Data excerpt
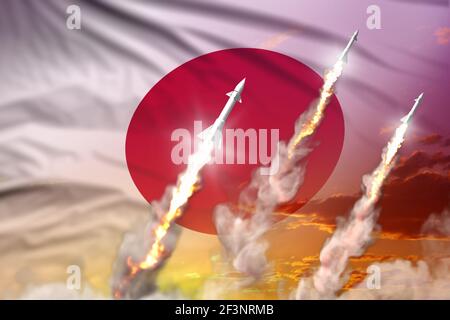 Moderne strategische Raketenkräfte Konzept auf Sonnenuntergang Hintergrund, Japan ballistischen Raketenangriff - Militär Industrie 3D Illustration, Nuke mit Flagge Stockfoto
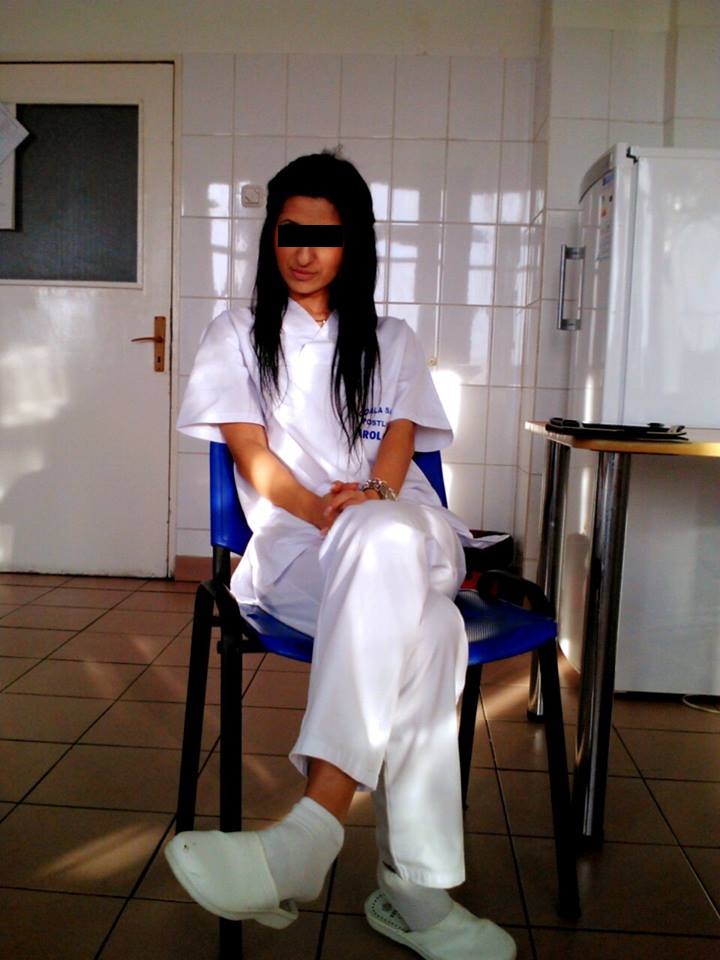 Roxana lucreaza in timpul zilei ca asistenta medicala intr-un spital de copii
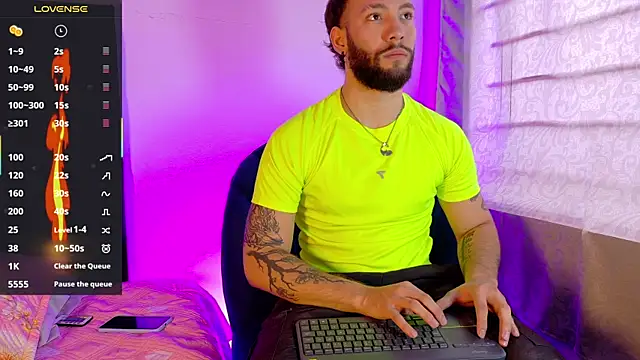 angel kyrozz online show from July 18, 2026, 7:06 pm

Task statement
Say again, word for word, the lines beginning at the top of the data and ending with the line that has "Roxana lucreaza in". Skip the pictures.

Answer box
 Moderne strategische Raketenkräfte Konzept auf Sonnenuntergang Hintergrund, Japan ballistischen Raketenangriff - Militär Industrie 3D Illustration, Nuke mit Flagge Stockfoto
 Roxana lucreaza in timpul zilei ca asistenta medicala intr-un spital de copii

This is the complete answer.